Multinational Trade Agreements

Active

  1. Hungary has been a member of the EU since May 1, 2004, adopting the EU's common external trade policy and measures. The EU is a political and economic union of 28 member states that are primarily located in Europe. Within the Schengen Area, passport controls have been abolished. A monetary union was established in 1999 and came into full force in; it is composed of 19 EU member states that use the euro currency. However, Hungary maintains its own currency – the forint.

  2. EU-Canada Comprehensive Economic and Trade Agreement (CETA): This was provisionally applied as of September 21, 2017, having been signed in October 2016. CETA is expected to strengthen trade ties between the two regions. The agreement is expected to boost trade between partners by more than 20%. Hungary expects CETA to improve trade in goods and services between the two countries while also boosting foreign direct investment (FDI). According to Hungarian authorities, USD11 billion in FDI has already arrived in Hungary from Canada, highlighting the importance of further market and trade liberalisation. CETA also opens up government procurement. Canadian companies will be able to bid on opportunities at all levels of the EU government procurement market and vice versa. CETA means that Canadian provinces, territories and municipalities are opening their procurement to foreign entities for the first time, albeit with some limitations regarding energy utilities and public transport.

  3. Europe Free Trade Association (EFTA): EFTA includes Switzerland, Norway, Liechtenstein and Iceland. The European Economic Area (EEA) unites the EU member states and the three EEA EFTA states (Iceland, Liechtenstein and Norway) into an internal market governed by the same basic rules. These rules aim to enable goods, services, capital and persons to move freely about the EEA in an open and competitive environment, a concept referred to as the four freedoms.

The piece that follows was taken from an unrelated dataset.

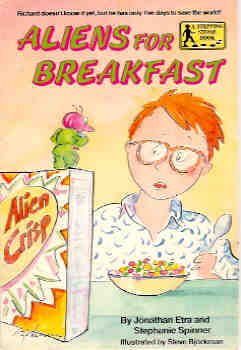 Image for Aliens for Breakfast (A Stepping Stone Book)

  4. EU-Turkey: The EU and Turkey are linked by a customs union agreement which came into force on December 31, 1995. Turkey has been a candidate country to join the EU since 1999 and is a member of the Euro-Mediterranean partnership. The customs union with the EU provides tariff-free access to the European market for Turkey, benefitting both exporters and importers. Turkey is the EU's fourth largest export market and fifth largest provider of imports. The EU is Turkey's largest import and export partner. Turkey's exports to the EU are mostly machinery and transport equipment, followed by manufactured goods. At present, the customs union agreement covers all industrial goods but does not address agriculture (except processed agricultural products), services or public procurement. Bilateral trade concessions apply to agricultural as well as coal and steel products. In December 2016, the EC proposed the modernisation of the customs union and the extension of the bilateral trade relations to areas such as services, public procurement and sustainable development.

  5. EU-Japan Economic Partnership Agreement (EPA): In July 2018, the EU and Japan signed a trade deal that promises to eliminate 99% of tariffs that cost businesses in the EU and Japan nearly EUR1 billion annually. According to the EC, the EU-Japan EPA will create a trade zone covering 600 million people and nearly a third of global GDP. The result of four years of negotiation, the EPA was finalised in late 2017 and came into force on February 1, 2019, after the European Parliament ratified the agreement in December 2018. The total trade volume of goods and services between the EU and Japan is an estimated EUR86 billion. The key parts of the agreement will cut duties on a wide range of agricultural products and seeks to open up services markets, particularly financial services, e-commerce, telecommunications and transport. Japan is the EU's second biggest trading partner in Asia after Mainland China. EU exports to Japan are dominated by motor vehicles, machinery, pharmaceuticals, optical and medical instruments, and electrical machinery.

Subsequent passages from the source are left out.